No mesmo dia 17 de julho, enquanto era realizada a coletiva na ALEMG, foi realizado pelo MST um bloqueio na rodovia BR-381, na altura da localidade de Santa Terezinha, no município de Itatiaiuçu, com objetivo de denunciar o despejo iminente. Apesar de haver três agravos pedindo a suspensão do despejo, ainda a serem julgados na Vara Agrária de Minas Gerais, o judiciário insistia em efetivar a retirada das famílias. Para Silvio Neto, da Direção Estadual do MST, o conflito que ameaçava as famílias era responsabilidade do Estado.

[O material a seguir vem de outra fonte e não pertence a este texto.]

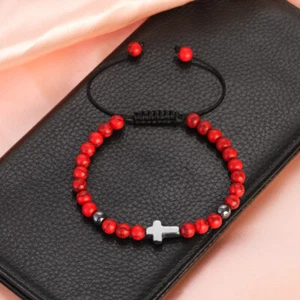 Handmade Cross Beaded Bracelet 6mm Red Turquoise Bead Adjustable Bracelet Bangle - Picture 1 of 6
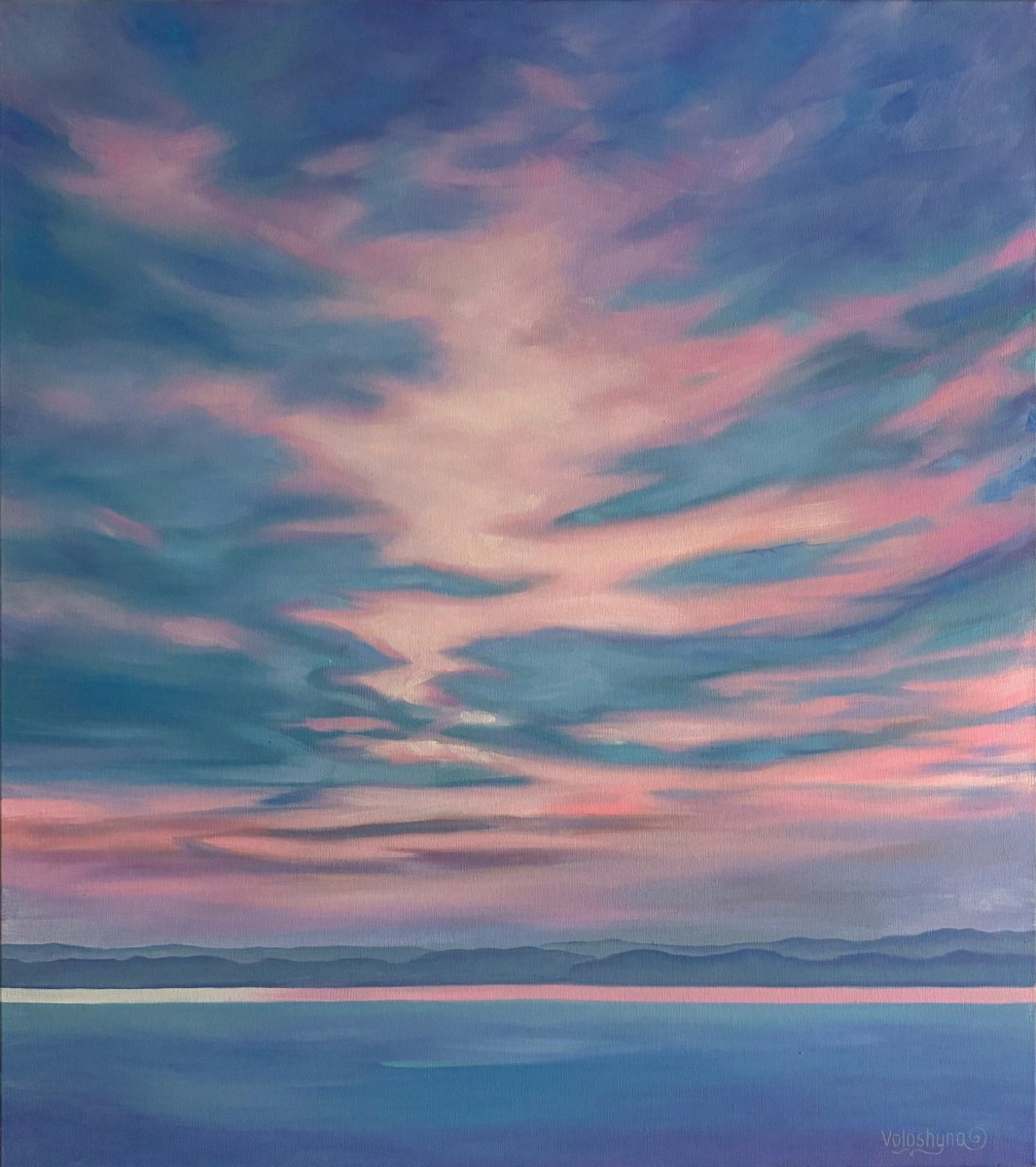 Impressionistic Landscape Oil Painting By Mary Voloshyna, 31 X 35", Water Line, Original Artwork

“O mesmo Estado que liberta um criminoso e o coloca em sua mansão é o que decide retirar as famílias da terra e despejá-las sem apontar para onde poderiam ir”, denunciou em entrevista para o portal Intersindical
Silvio Neto também destacou que não bastava a suspensão do despejo, era preciso resolver a questão agrária: “A MMX é uma massa falida, que possui cerca de oito mil hectares na região metropolitana, grande parte abandonados. Ela deveria vender a terra, até como parte de sua recuperação econômica, cabe ao Governo de Minas Gerais comprá-la para assentar as famílias.”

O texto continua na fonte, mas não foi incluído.